The contamination at both sites was caused by dumping of thousands of gallons of industrial solvents into unlined lagoons, dry wells and down the drain, federal and state records say. Such industrial dumping was not illegal in the 1950s, 1960s and 1970s. However, at least as early as 1966, the company knew that dumping solvents into unlined lagoons could have serious environmental consequences. The contamination problem was exacerbated at different times by state and federal regulators entrusted with protecting the groundwater. In Scottsdale officials allowed substantial pollution of the Indian Bend Wash by not cementing old wells that cascaded contaminated water into the drinking-water aquifer. In Phoenix city officials lobbied to have the state, notorious for lax standards, not the EPA, be the lead agency to oversee "cleanup" of the 52nd Street site. Without sufficient federal scrutiny, the state allowed its largest employer to take over the cleanup reins. For several years, the state permitted the company to collect and interpret environmental data upon which all key decisions were made without first checking the data for accuracy.

The principal contaminant at both sites is the industrial solvent TCE, or trichloroethylene, which the federal government classifies as a suspected carcinogen. The health effects of TCE are hotly disputed, but it has been linked with leukemia as well as kidney, liver and central nervous system disorders. Measurements of TCE-contaminated groundwater near the Motorola 52nd Street plant are among the highest recorded in the United States.

Two separate class-action lawsuits against Motorola are now winding their way through Arizona courts. The plaintiffs allege that the contamination has caused health problems and declining real estate values. In court papers, Motorola has denied both allegations.

State regulators abdicated their public relations responsibilities to Motorola's consultants from 1985 to 1991. During that time, only one public meeting was held with citizens.

Since 1985 there has been a raging national debate over whether TCE and other chlorinated solvents can be removed from the nation's aquifers. Some scientists say it might take 1,000 years for aquifers to be purged of TCE.

Motorola's own consultants informed the state in 1986 that it might be impossible to remove the TCE from beneath the plant.

Citizens were not informed of the debate over the cleanup of their aquifer by either the local news media, Motorola or state and federal regulators.

Motorola admits it has back-billed the Department of Defense for undisclosed cleanup costs of the Indian Bend Wash Superfund site.

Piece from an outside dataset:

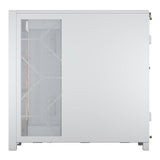 Corsair FRAME 5000D RS ARGB High-Airflow Mid-Tower PC Case - White CC-9011310-WW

In the waning days of the current Bush administration, EPA officials are quietly redesigning Superfund policy. The new Superfund plan will shift funds and attention to those few sites that pose immediate "risks" to public health. Groundwater contamination sites not deemed an immediate "risk," such as the Motorola 52nd Street site, will be placed on a long-term cleanup list. The EPA says the program will streamline Superfund; environmentalists say the plan goes against the intent of the Superfund law, which is to hold all polluters accountable. In Arizona the director of the Department of Environmental Quality says the state Superfund is moving toward the model of cleaning up contaminated sites according to their "risk."

There is a continuing debate among water officials over whether the aquifer polluted by Motorola 52nd Street will be tapped during a severe drought, such as the drought currently ravaging California. In California's San Gabriel Valley, citizens are being charged higher water bills because their groundwater must first be stripped of TCE before it is drinkable. There is no financial mechanism in place to ensure that Arizona citizens would not have to pay to have solvents cleaned from their groundwater in times of drought.

The two state agencies entrusted with preserving Arizona's groundwater for future generations differ over how to contend with the state's polluted groundwater. The Arizona Department of Water Resources favors forcing polluters to pay for as much cleanup as possible now. The Arizona Department of Environmental Quality is moving toward the national Superfund "risk-based" plan.